In his first e-mail to me, he wrote: 'I have been re-assigned to work at Freetown, Sierra Leone. Today, have to take a scheduled UN flight from Accra, Ghana to Freetown. I like the professionalism, dedication, sincerity and enthusiasm of the staff. It gives immense joy to work along with them. Still learning the job and system and hope I adjust soon.'
He followed up soon after with a detailed mail titled, 'Ground Zero-Sierra Leone' on his initial days in Freetown. He wrote:
'It has been almost a week here in Sierra Leone. Things are moving in the right direction both from the individual and organisational perspective. Almost everyone works at Take-off Rating and a few with may be Reheat On (in air force parlance, this means working at peak efficiency).'
'The last time I was here was in 2000-01 as part of the IAF contingent working for the UN, the ground reality and atmosphere were different. The town was vibrant and full of energy. This time around the place is almost dead because of the Ebola crisis.'
'We have to develop Standard Operating Procedures from scratch and get the necessary infrastructure going from the flying operations and safety point of view.'
'Since the mission's mandate is for the three countries of Liberia, Sierra Leone and Guinea with HQs at Accra, Ghana, I expect regular travels to carry out flight safety checks.'
'I have rented an apartment and am more or less settled now. The place is hot and humid. People are friendly and expect the UN to address the problem on a war-footing. On the ground there are numerous agencies working whole heartedly at village/district/zone/state levels. It is good to interact with different professionals hailing from diverse backgrounds and cultures.'
'While the rest of the world celebrated Christmas, Sierra Leone stayed indoors and prayed for a better future.'
When I received another sombre mail on Christmas Eve, I could not but help pulling out my laptop and putting this together. This time around the mail was reflective:
'Wish you a Merry Christmas and a Happy New Year! All well in Sierra Leone. It bears a deserted look as the president has appealed to the populace to remain indoors and not to come out to celebrate Christmas and New Year for the fear of spreading Ebola virus.'
'As such it was on the rise in the Western region where the capital is located. There is a massive and unprecedented effort to curb the spread of this virus. The other day I went to Hastings airfield in the western part of Sierra Leone near the capital of Freetown where we were deployed in 2000-01.'
'The runway is intact, but now there is tall grass on both sides.

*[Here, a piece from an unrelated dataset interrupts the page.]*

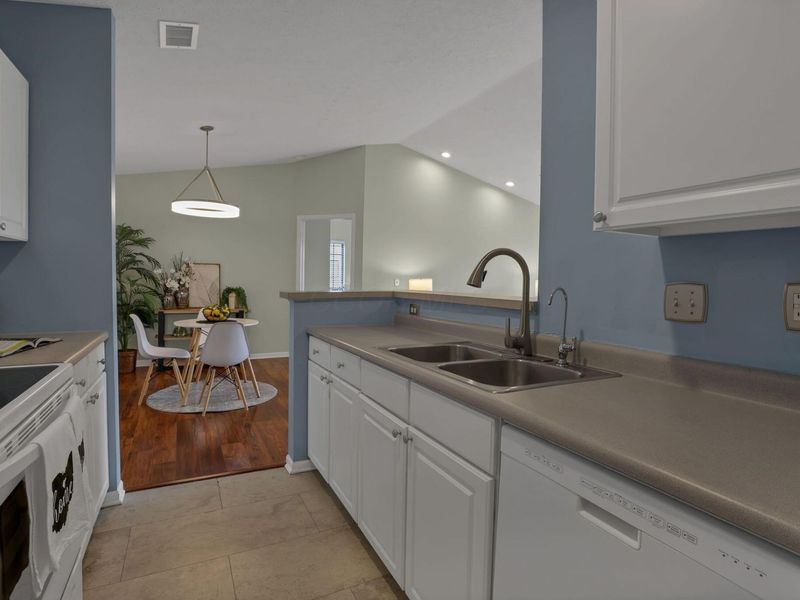 6789 Meadow Creek Drive , Unit 206, Columbus, OH 43235 Photo 10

There are a lot of settlements around the runway as also four Ebola Camps around. It was deja vu for me. Was immersed in the past and present... memories filled the consciousness. Same place but different times, different people, different thoughts and different circumstance.'
'The earlier time I was there, it was violence perpetrated by humans and this time, it is nature or god's doing.'
'I stay alone in a rented apartment and interacting with different people from different cultures on a daily basis is something that I was never exposed to earlier.'
'Miss those earlier days when we stayed in familiar and well laid out camps with Indian food. Plus, of course, I miss home and the family. There is, of course, no looking back.'
‘Bravo! is all I could think as I replied to his mail by writing 'Always nice reading your update. Wish you well over Christmas and the New Year.'
Not only are he, the few other ex-IAF officers in the region and other volunteers good ambassadors for the service and the country, they are Warriors for Humanity. As we ring in the New Year with festivities and cheer, spare a thought for India's Ebola Warriors.
Arjun Subramaniam is a serving officer of the Indian Air Force.